En dépit des apparences juridiques, le projet de Constitution européenne n’est pas un traité de plus: c’est une Révolution. Le passage de l’Europe des traités à l’Europe de la Constitution, ou de l’Europe des gouvernements à celle des citoyens.


Certes, ce texte est loin d’être aussi abouti que la Constitution américaine de Philadelphie, toujours en vigueur deux siècles plus tard. Il ne marque pas la fin de l’aventure, mais une mutation, la chenille devenant papillon.


La réussite finale de ce processus constituant n’exigera pas moins de trois miracles politiques. La formule ferait sourire, et même les plus optimistes auraient du mal à l’imaginer si deux de ces trois miracles n’étaient déjà acquis.


Le premier, c’est le consensus obtenu au sein de la Convention européenne. Tous les partis politiques de tous les grands partis nationaux de tous les Etats européens – à la seule exception des Conservateurs britanniques – se sont mis d’accord, non point sur un plus petit commun dénominateur, mais sur un modèle politique ambitieux, additionnant le meilleur du fédéralisme et une confédération moderne pour créer un pouvoir européen efficace et démocratique.

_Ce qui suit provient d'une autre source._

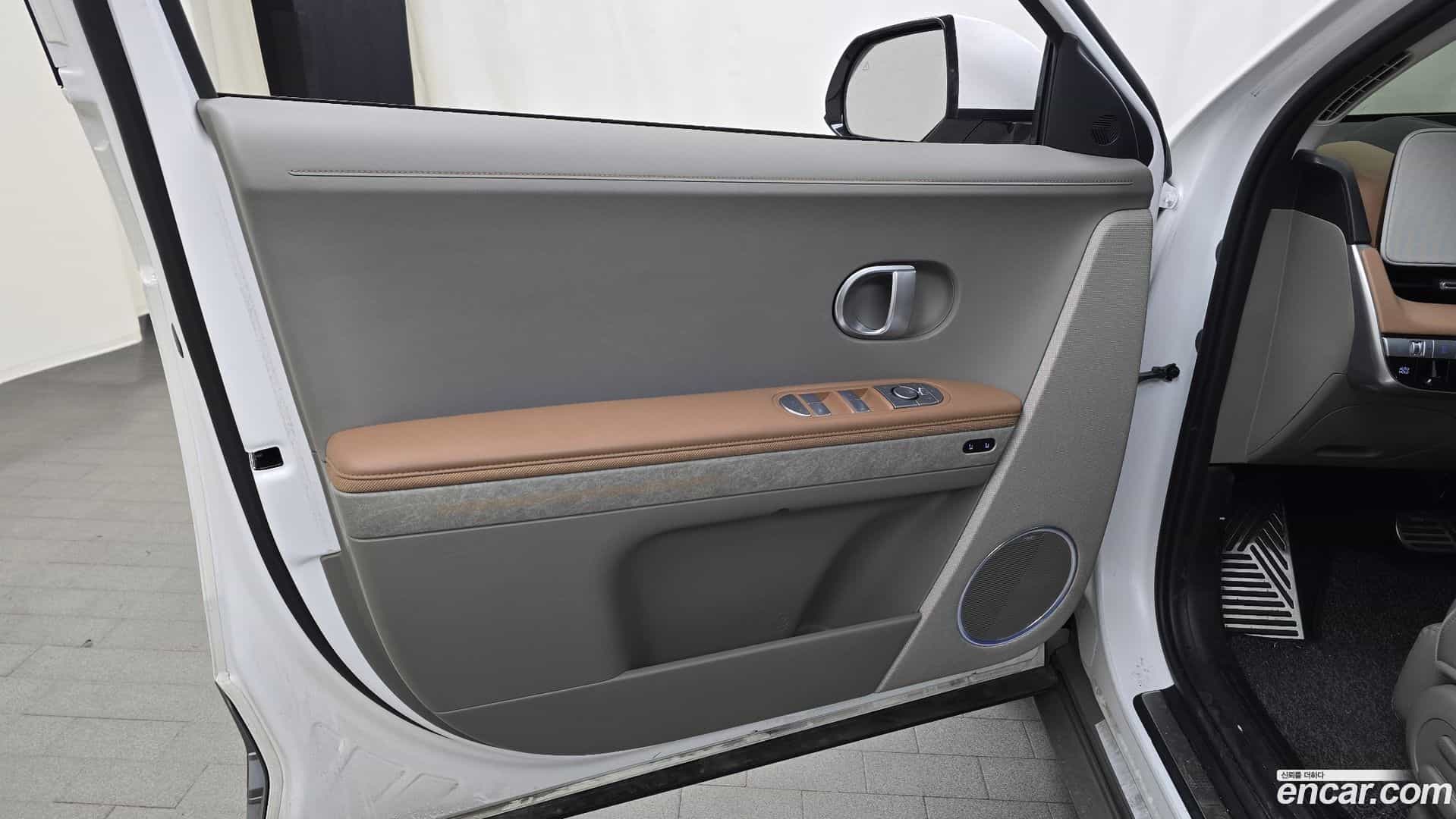 Ioniq5 Hyundai 2022.10-INNER-034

Second miracle: les gouvernements ont fini par donner leur accord à ce texte, qui leur crée un nouveau pouvoir concurrent: le Président français, le Chancelier allemand, le Premier Ministre de Sa Très Gracieuse Majesté auront bientôt auprès d’eux un Président de la Commission qui, à travers le Parlement européen, sera élu par les 450 millions de citoyens d’Europe. Pour reprendre la formule humoristique de Michel Barnier, ce résultat était aussi improbable qu’un accord des dindes sur le menu du repas de Noël. C’est fait depuis le 18 juin.


Le troisième miracle sera pourtant le plus difficile: c’est d’obtenir que les opinions publiques des 25 pays confirment l’accord donné par leurs gouvernements respectifs. Une dizaine de référendums de ratification ont déjà été annoncés. Si on considère que la probabilité moyenne d’un « oui » est de 70% dans chaque pays – ce qui est une hypothèse franchement optimiste -, un calcul simple montre qu’alors la probabilité d’obtenir dix victoires resterait inférieure à …1% !


Certes, la politique n’est pas l’arithmétique. Mais tout dépendra de la capacité des gouvernements concernés à faire prévaloir l’enjeu proprement européen sur le débat politique national. Ainsi, sur le continent, deux citoyens sur trois sont favorables à l’aventure européenne, mais les dernières élections ont montré que plus d’un sur deux était mécontent de son gouvernement actuel.